Ryan James Anderson (born December 4, 1992) is an American former basketball player. He is currently an assistant coach at Texas. Most recently, Anderson was a director of player development and recruiting at Xavier University. He played college basketball at Arizona and Boston College.

==College career==
Anderson started his college career out of Long Beach Polytechnic High School in California at Boston College (BC), where he immediately entered the starting lineup for the rebuilding Eagles. The 6'9" power forward averaged 11.2 points and 7.4 rebounds per game and was named unanimously to the Atlantic Coast Conference (ACC) All-freshman team. He then recorded two more successful seasons at BC, but the team had losing campaigns both years and coach Steve Donahue was fired.

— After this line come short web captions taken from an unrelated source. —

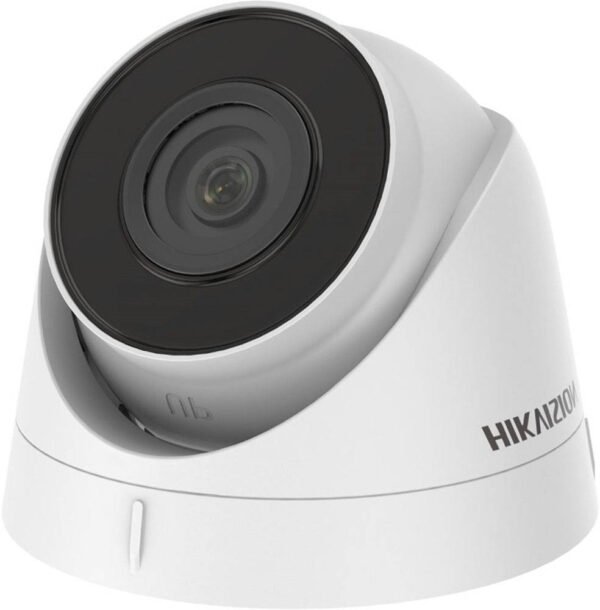 Hikvision DS-2CD1321G0E-I/ECO 2MP Fixed Turret Ip Camera, 2.8mm Focal Lens, Up to 30m IR Range, H.265+ Compression, 3D DNR Technology, IP67 Water & Dustproof, White | DS-2CD1321G0E-I/ECO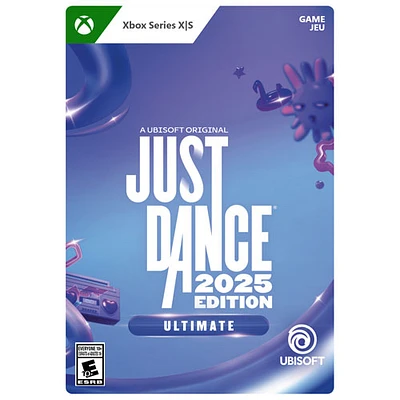 Just Dance 2025 Ultimate Edition (Xbox Series X|S) - Téléchargement numérique
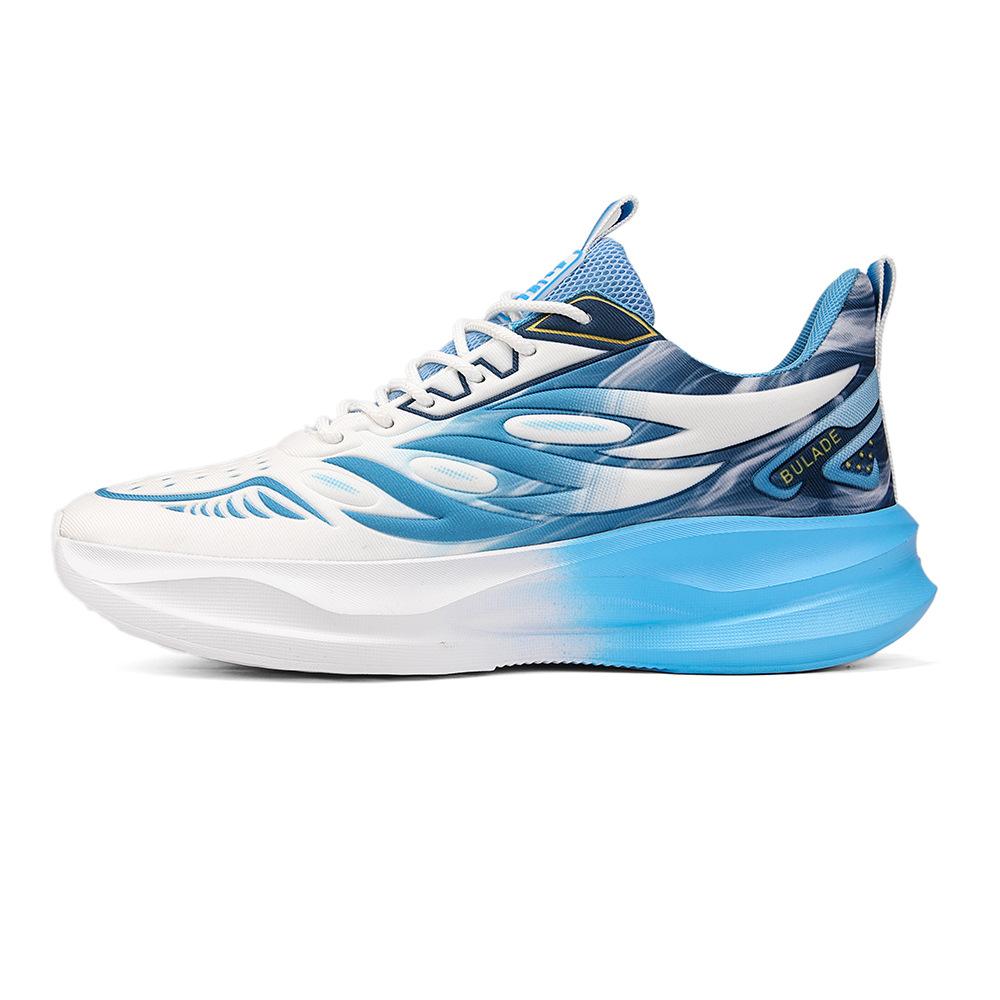 Autumn and winter foreign trade large size new sports shoes men's eye casual running shoes lightweight mesh breathable casual shoes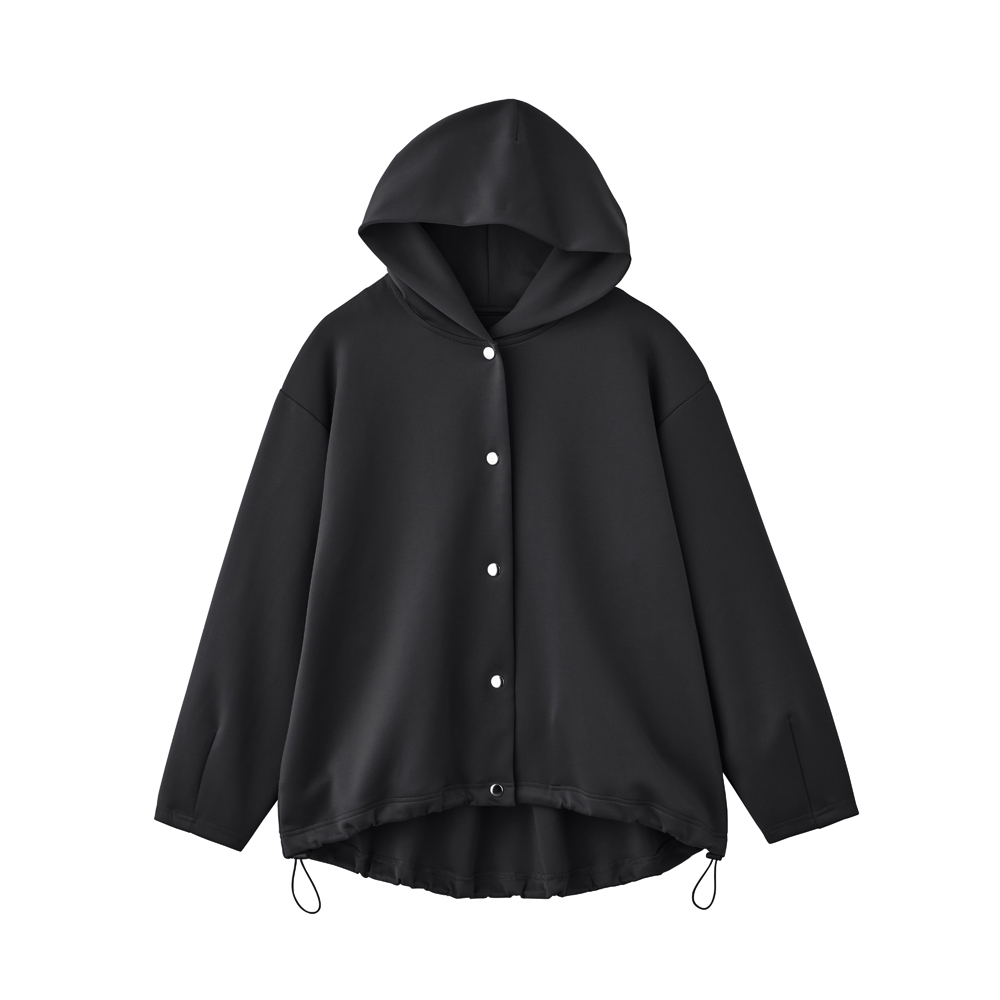 ダンボールニットパーカー ALY639 ブラック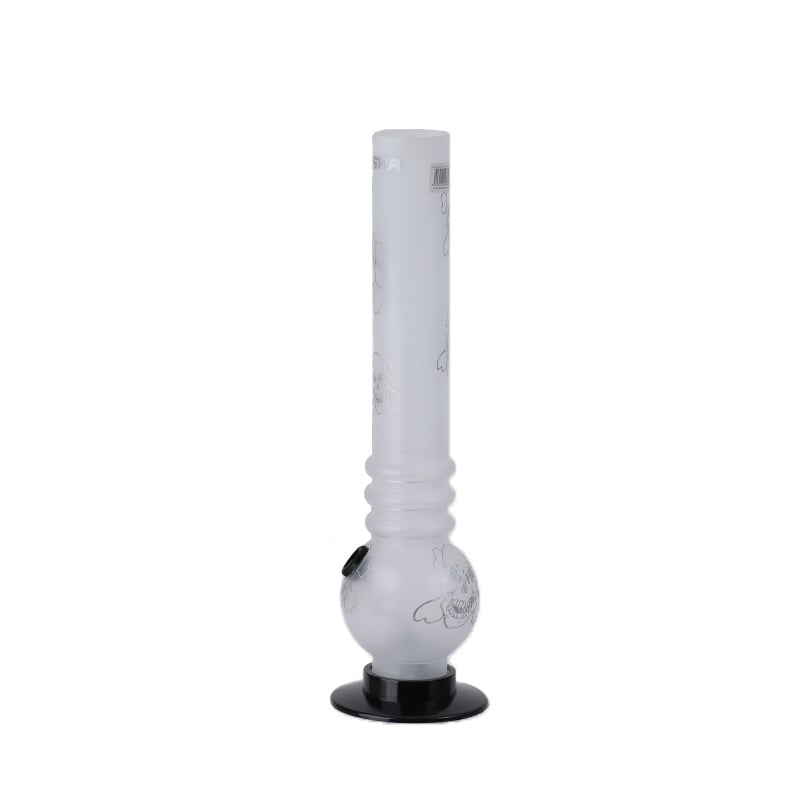 Acrylic Shisha Glass Plastic Leaf L5 Bong 30cm - Shisha Glass
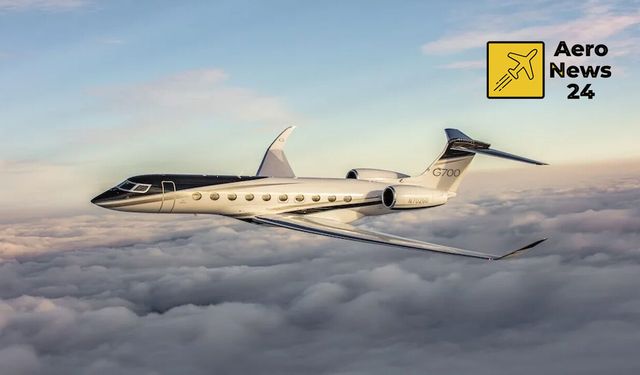 Gulfstream G700 Rekorlara Doymuyor: 100'üncü Teslimat ve 100'üncü Hız Rekoru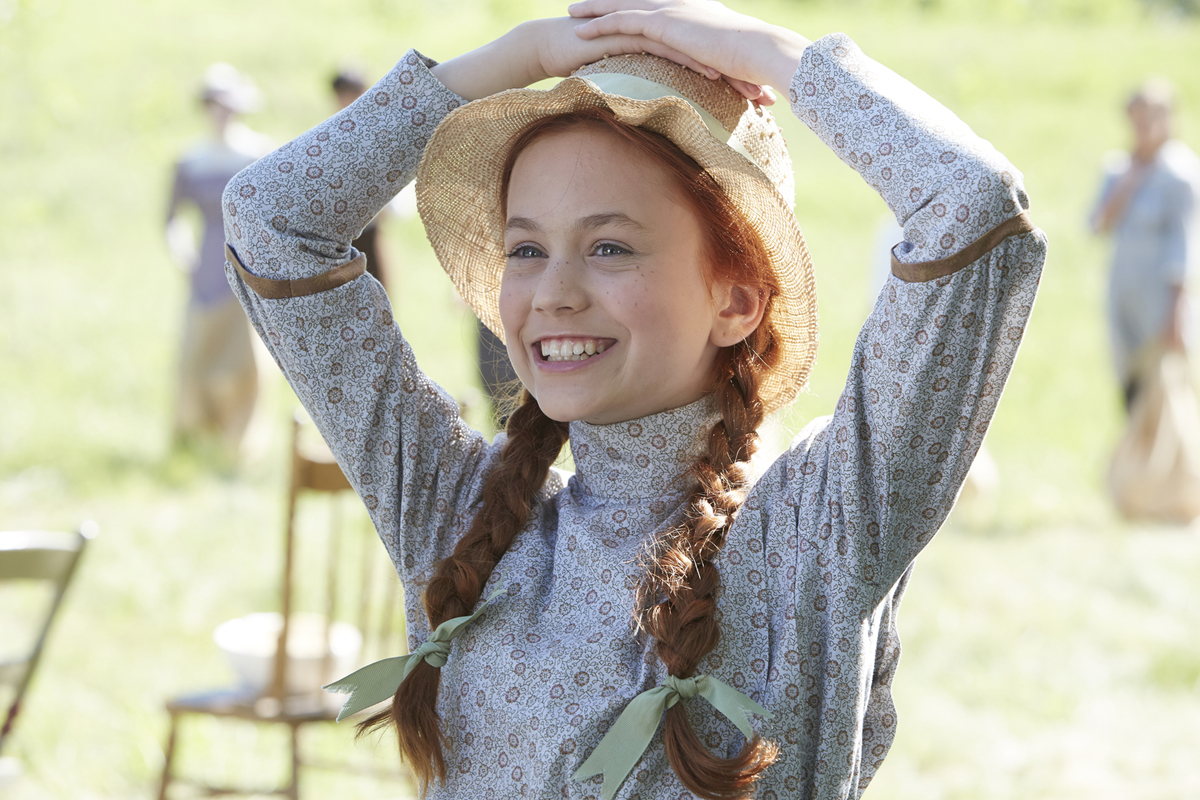ella ballentine anne of green gables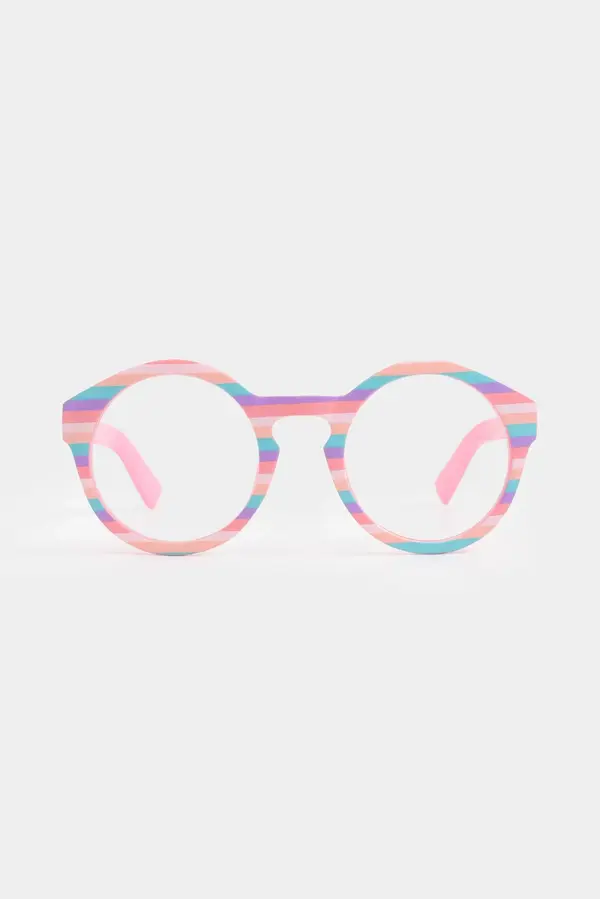 Round Multi-Color Glasses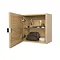 Miller - Nova Small Storage Cabinet - Oak Profile Large Image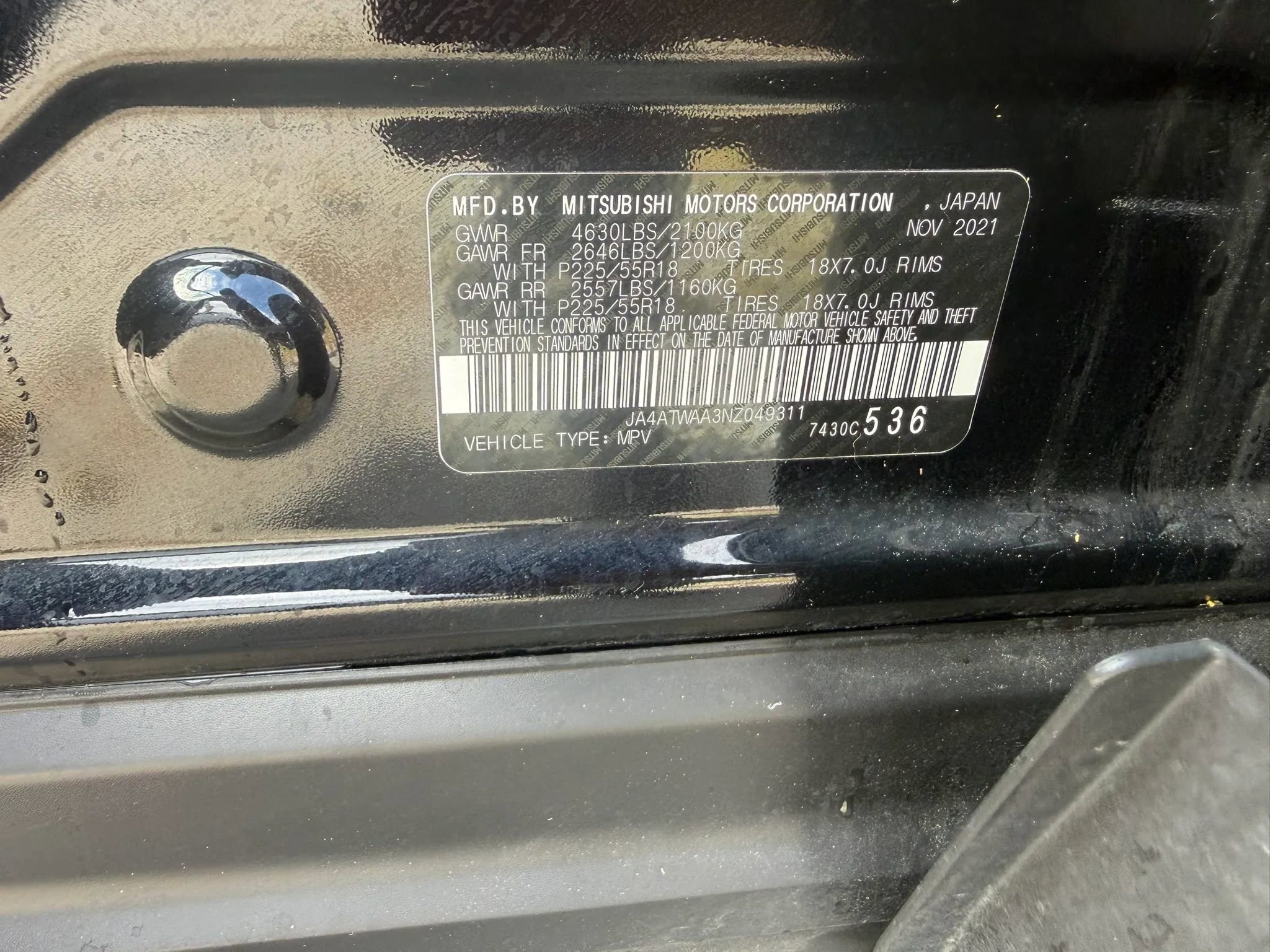 Used 2022 Mitsubishi Eclipse Cross AWD image 34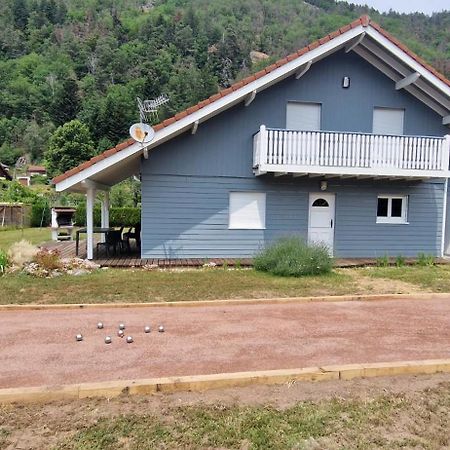 Le Vivaldi, Au Coeur Du Massif Vosgien Avec Terrain De Petanque Villa Rochesson Exteriör bild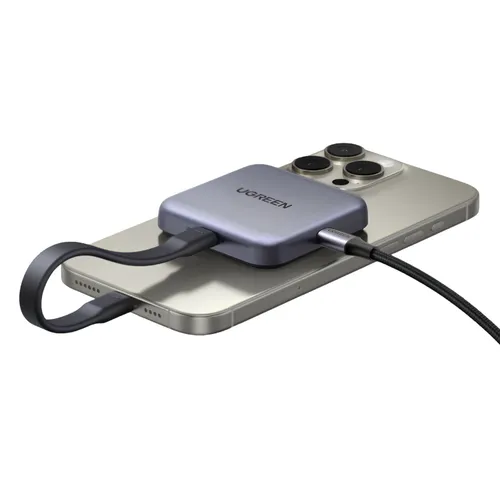 UGREEN CM898 65095 Magnetic 3-in-1 USB-C Card Reader with 100W PD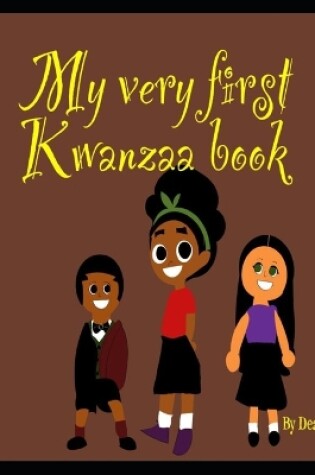 Cover of MY very first Kwanzaa book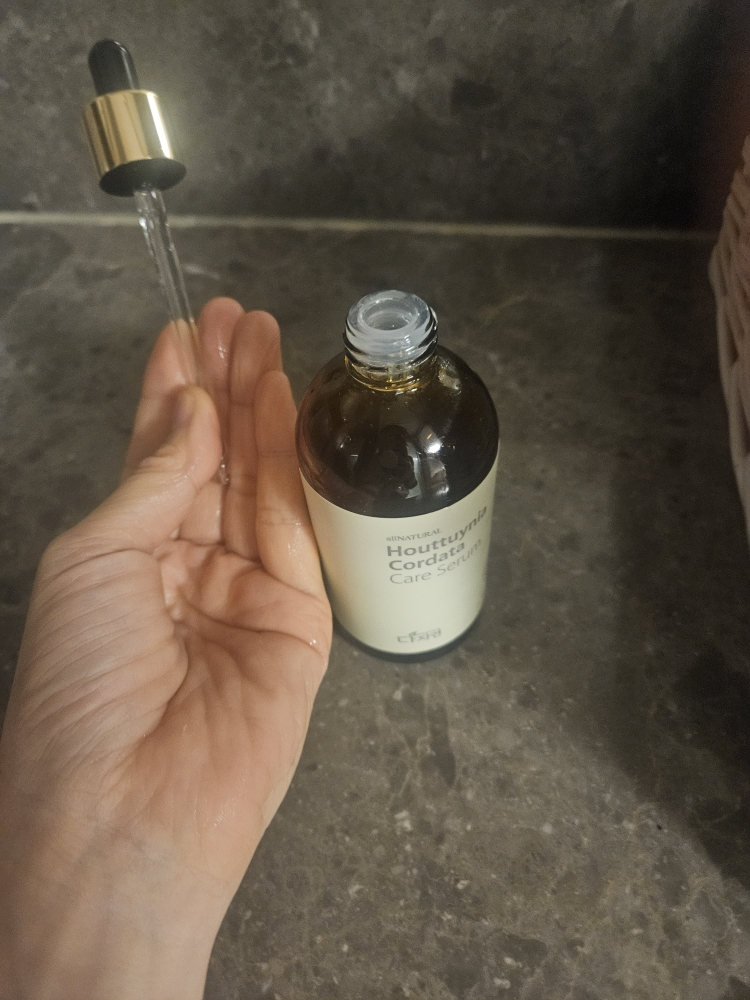 Ảnh đánh giá thực tế của người dùng về Serum chăm sóc da Eoseongcho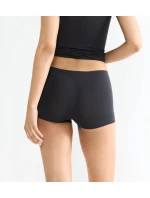 Dámske krátke nohavice GO Sense 2P - BLACK - black 0004 - SLOGGI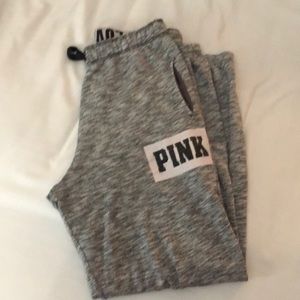 Victoria Secret pink sweatpants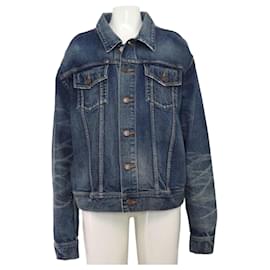 Jeansjacke Blue Moonlight Wash - Céline
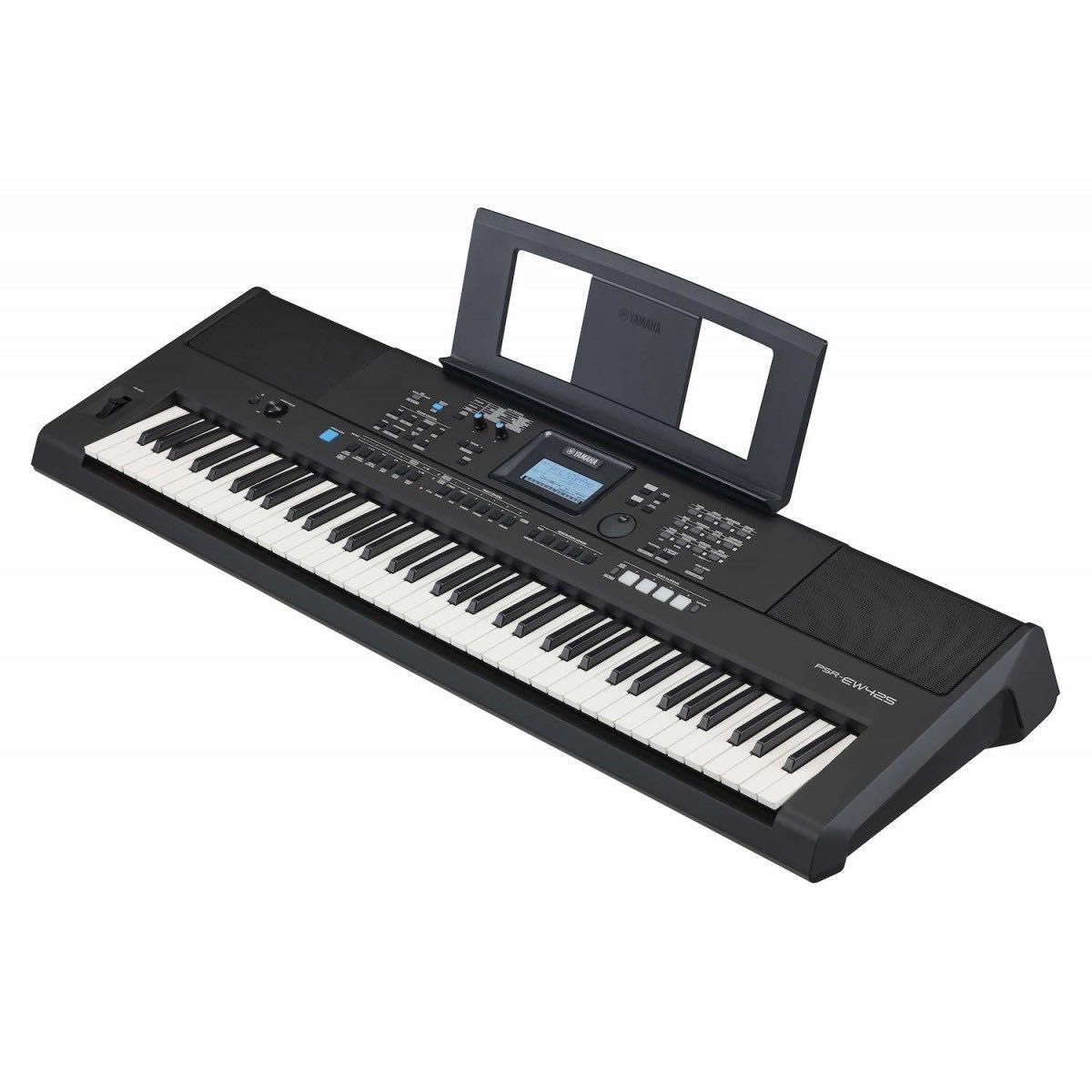 YAMAHA PSR-EW425 keyboard Yamaha dynamiczna klawiatura / od ręki.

Two months after the season ended, Anderson chose to transfer, ultimately landing at Arizona.

After sitting out the 2014–15 season per National Collegiate Athletic Association (NCAA) rules, Anderson had a strong campaign in his only season with the Wildcats. He averaged 15.3 points and 10.1 rebounds per game and was the first Wildcat since Jordan Hill in 2008–09 to average a double-double for the season. At the close of the season, Anderson was named first-team All-Pac-12 Conference.

==Professional career==
After going undrafted in the 2016 NBA draft, Anderson played for the Orlando Magic in the 2016 NBA Summer League. He ultimately signed with the Antwerp Giants in the Belgian League.

Following the 2016–17 campaign, Anderson signed with s.Oliver Würzburg of the German Basketball Bundesliga.

For 2018–19, Anderson joined the Delaware Blue Coats of the NBA G League.

On January 29, 2020, he has signed with MBC Mykolaiv in the Ukrainian Basketball Superleague.

On July 11, 2020, he has signed with Šiauliai of the Lithuanian Basketball League.

==Coaching career==
On September 2, 2021, Anderson returned to Arizona as a graduate assistant.

At the end of the 2024-25 college basketball season, Anderson left Xavier to follow former Xavier head coach Sean Miller to Texas.